The Client desires to retain the Financial Consultants to render to the Client such services as may be agreed to by the parties from time to time, and the Financial Consultants desire to render such services to the Client as set forth hereunder.
 
AGREEMENT
 
Therefore, in consideration of the mutual promises and covenants set forth in this Agreement, the receipt and sufficiency of which are hereby acknowledged, the parties hereto agree as follows:
 
1.     
Financial Consulting Services.   The Client hereby retains the Financial Consultants as an independent contractor, and the Financial Consultants hereby accept and agree to such retention. It is acknowledged and agreed by the Client that the Financial Consultants carry neither professional licenses nor memberships in any self-regulatory organizations.

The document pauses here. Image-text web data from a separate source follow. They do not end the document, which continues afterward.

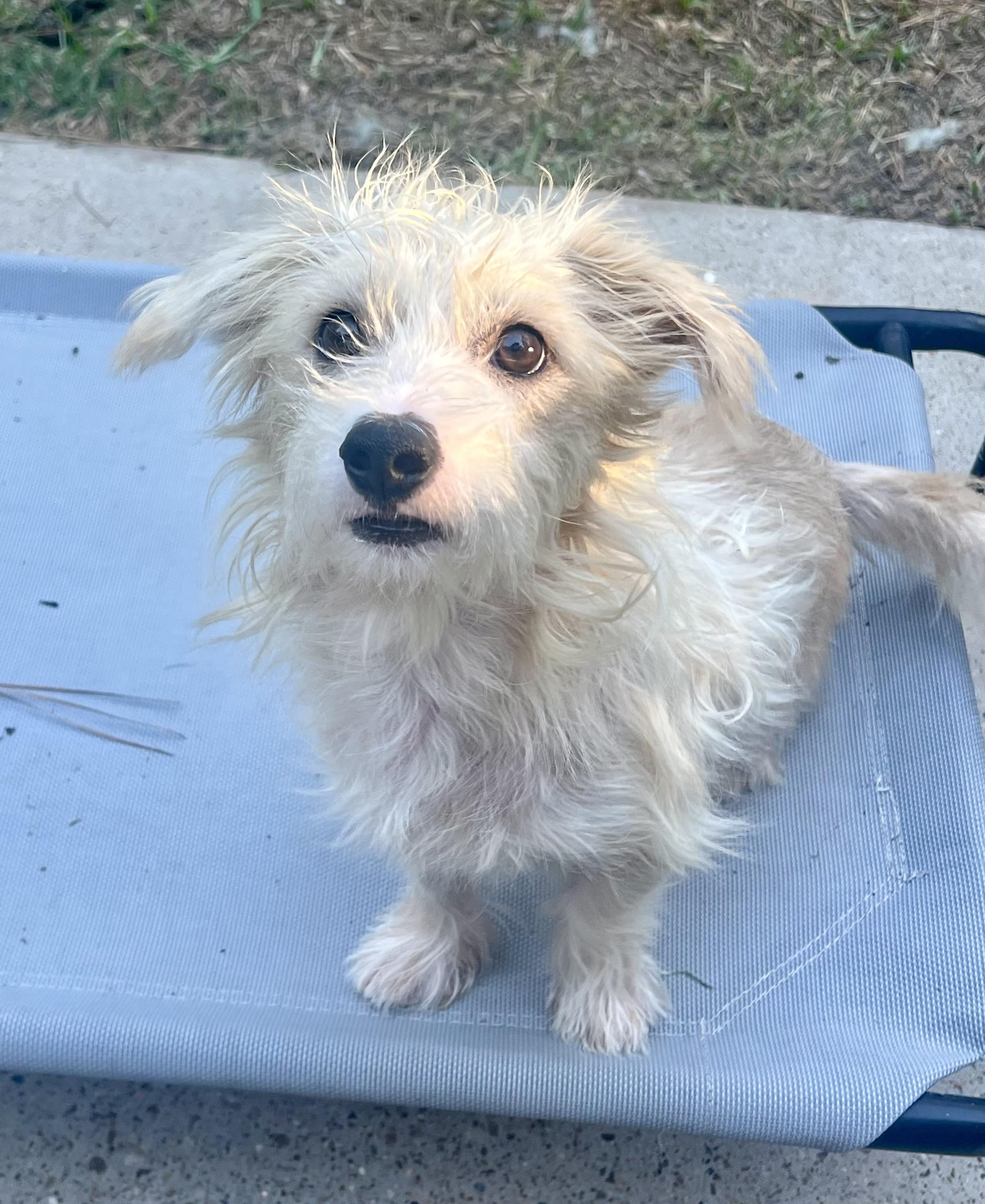 Grover, a Adoptable mixed breed in Spring, TX image 2/3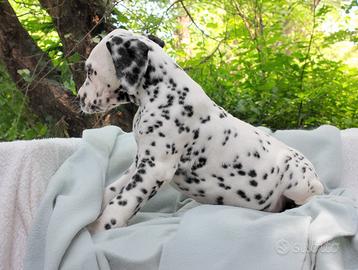 Cucciolo maschio di Dalmata bianco e nero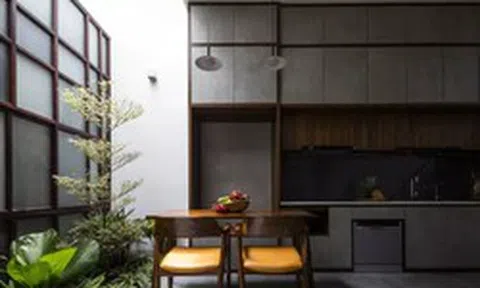 Nhà 4m ngang đầy nắng, gió và cây xanh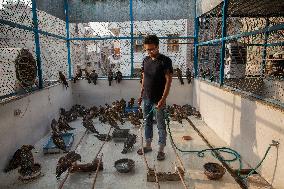 INDIA-NEW DELHI-BIRD RESCUERS
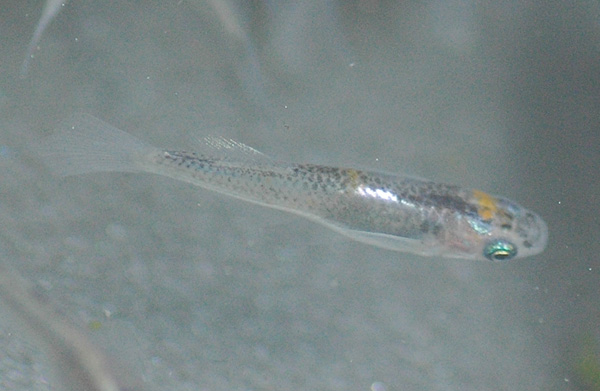 e0097534_16102343.jpg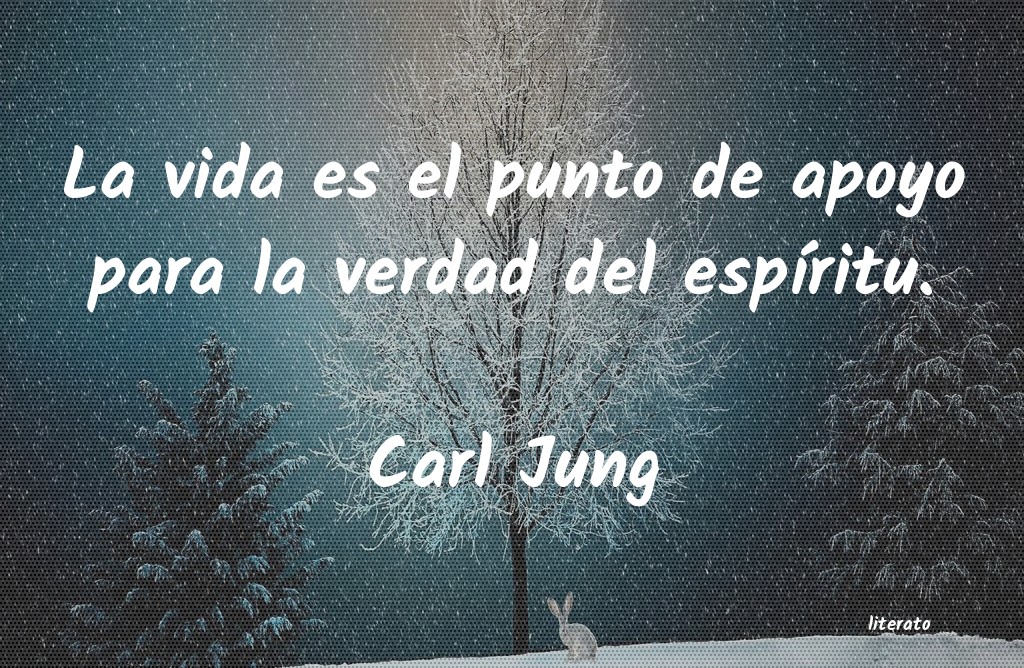 Frases de Carl Jung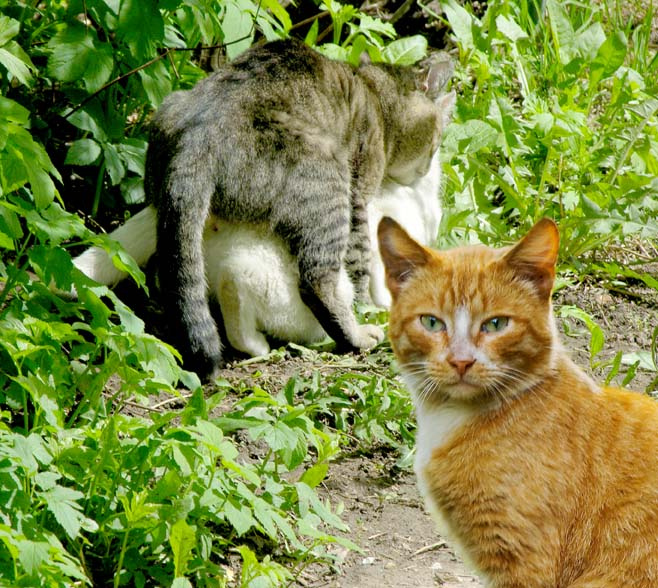 За мной будеш ... коты, весна, хорошо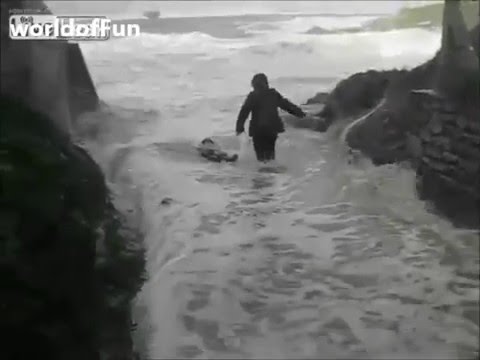 بالفيديوفيل هائج يطيح بالمنازل في الهند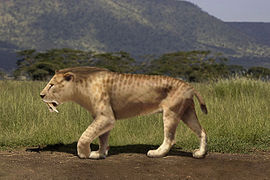 Smilodon populator rec.jpg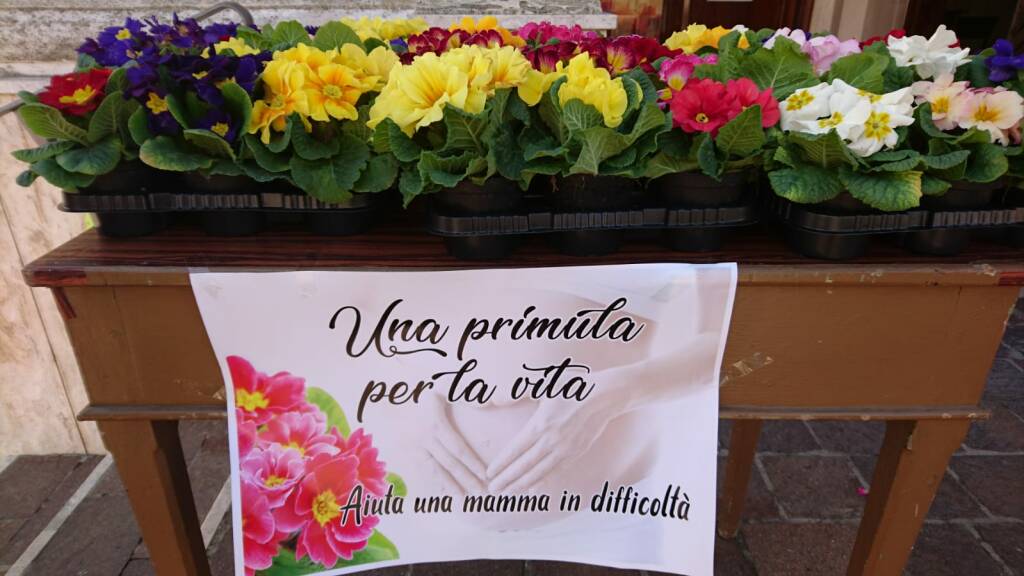 primula per vita san giacomo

It is further acknowledged and agreed by the Client that the Financial Consultants are not rendering legal advice or performing accounting services and are not acting and shall not act as an investment advisors or broker/dealers within the meaning of any applicable state or federal securities laws. No portion of the services rendered pursuant to this Agreement shall be provided in connection with the offer or sale of securities in a capital-raising transaction. The services of the Financial Consultants shall not be exclusive, nor shall the Financial Consultants be required to render any specific number of hours or assign specific personnel to the Client or its projects.
 
2.     
Time, Place and Manner of Performance.   The Financial Consultants shall be available to the officers and directors of the Client at such reasonable and convenient times and places as may be mutually agreed upon. Except as otherwise provided in this Agreement, the time, place and manner of performance of the services hereunder, including the amount of time to be allocated by the Financial Consultants to any specific service, shall be determined in the sole discretion of the Financial Consultants.
 
3.      
Independent Contractor; Performance by Financial Consultants; Compliance with Laws.
 
(a)  
The Financial Consultants agree to perform their consulting duties hereto as independent contractors. Nothing contained herein shall be considered to create an employer-employee relationship between the parties in this Agreement. The Client shall not make social security, workers’ compensation or unemployment insurance payments on behalf of the Financial Consultants.
 
(b)  
The parties hereto acknowledge and agree that the Financial Consultants cannot guarantee the results or effectiveness of any of the services rendered or to be rendered by the Financial Consultants. Rather, Financial Consultants shall conduct their operations and provide services in a professional manner and in accordance with good industry practice. The Financial Consultants will use all reasonable business efforts in providing services to the Client.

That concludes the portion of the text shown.